» **TASK DESCRIPTION**:
All of the data below should be printed again exactly, pictures excluded.

» **SOURCE MATERIAL**:

*****

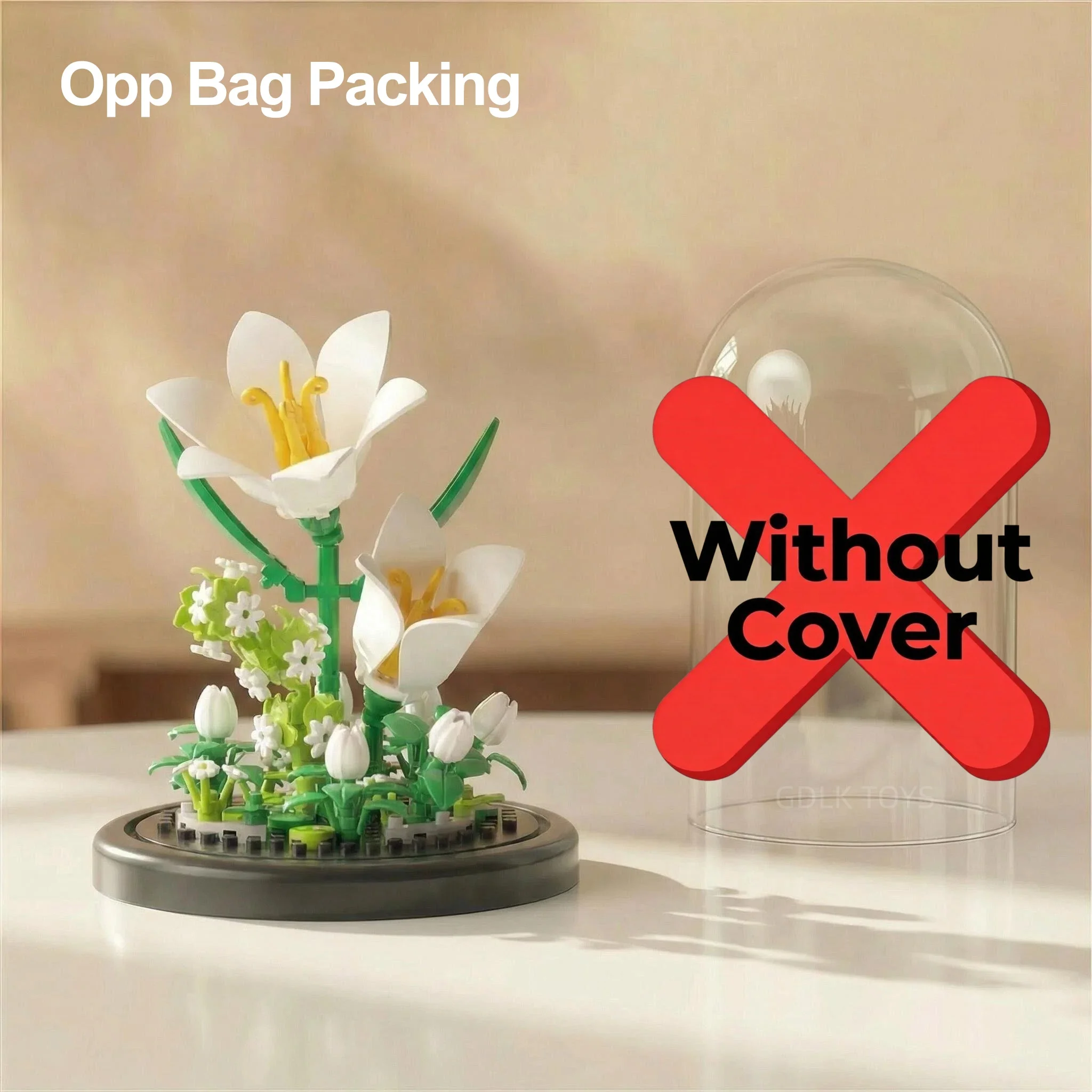 Eternal Flower Bouquet Bonsai Potted Plant Micro Building Blocks Model Home Decoration Puzzle Toys Kids Birthday Christmas Gifts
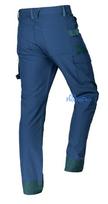 Mix&Match work trousers, 4 way stretch, navy blue-green, size S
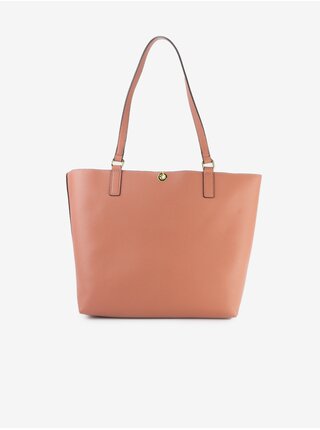 Starorůžový dámský shopper s pouzdrem U.S. Polo Assn.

*****

» **RESPONSE**:
 Eternal Flower Bouquet Bonsai Potted Plant Micro Building Blocks Model Home Decoration Puzzle Toys Kids Birthday Christmas Gifts
 Mix&Match work trousers, 4 way stretch, navy blue-green, size S
 Starorůžový dámský shopper s pouzdrem U.S. Polo Assn.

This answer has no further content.